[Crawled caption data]
---

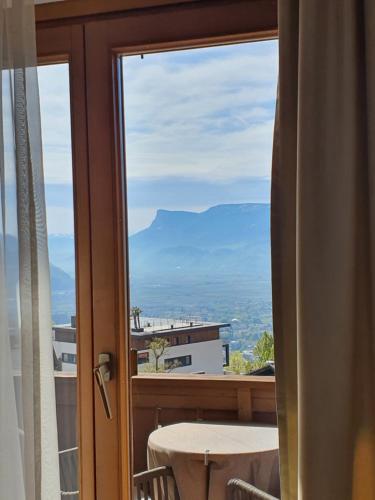 a view from a window with a table and chairs at B&B Hotel Mair am Turm in Tirolo
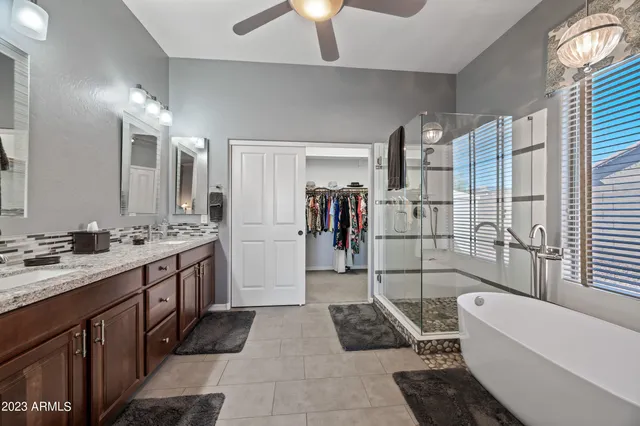 a bathroom with a double vanity sink a toilet a mirror and shower
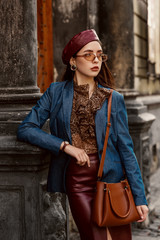 Outdoor autumn fashion portrait of young elegant, luxury woman wearing red faux leather beret, skirt, wrist watch, blue denim blazer, beige glasses, with brown bag, posing in street of European city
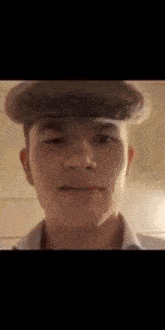 a young man wearing a hat is looking at the camera and smiling .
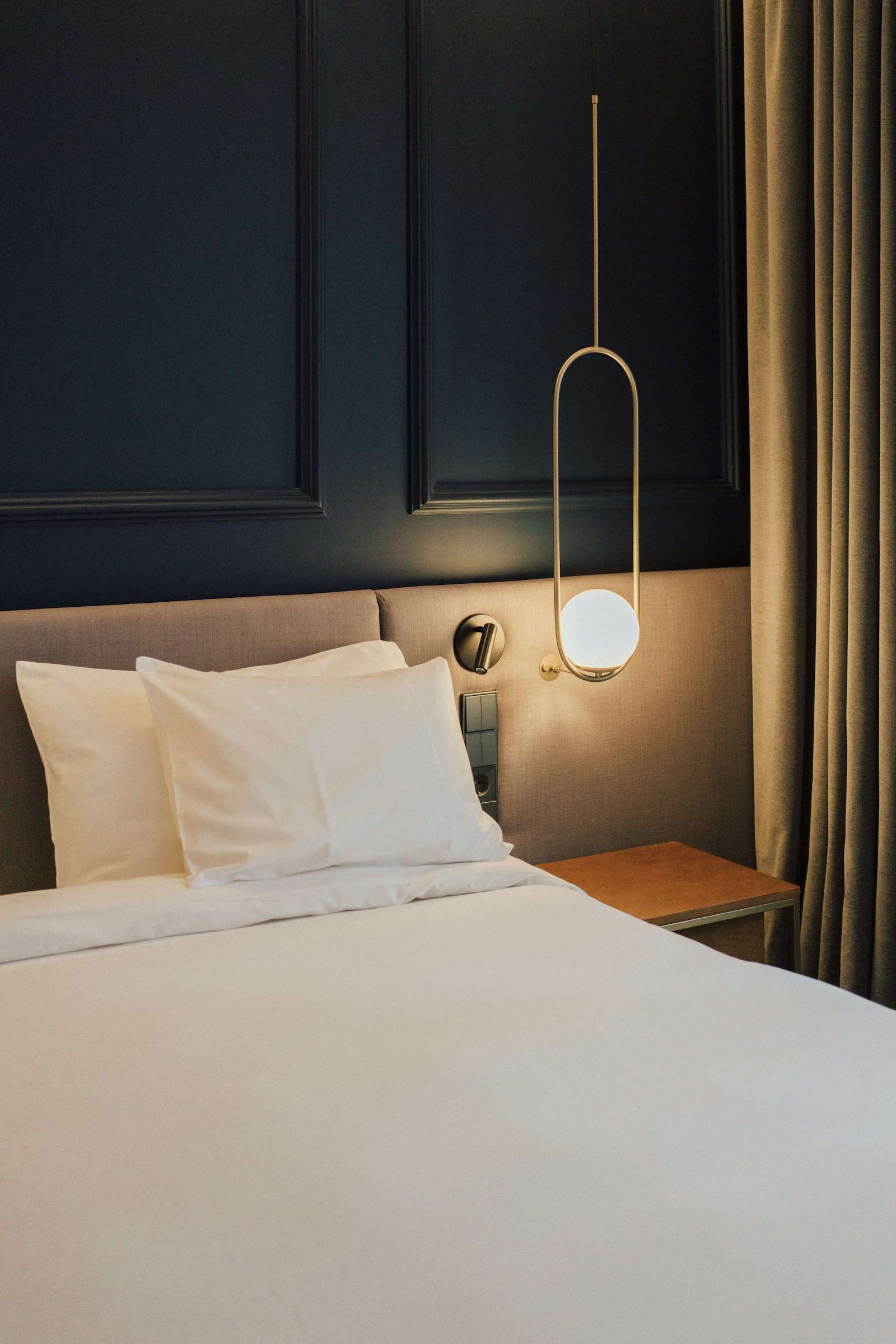 Hotel bedroom with navy panelled wall and brass pendant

---

**Problem statement**
Omit the pictures, and please restate word for word the lines running from the line with "a bathroom with" to the end of the entries.

**Task result**
 a bathroom with a double vanity sink a toilet a mirror and shower
 Outdoor autumn fashion portrait of young elegant, luxury woman wearing red faux leather beret, skirt, wrist watch, blue denim blazer, beige glasses, with brown bag, posing in street of European city
 a young man wearing a hat is looking at the camera and smiling .
 Hotel bedroom with navy panelled wall and brass pendant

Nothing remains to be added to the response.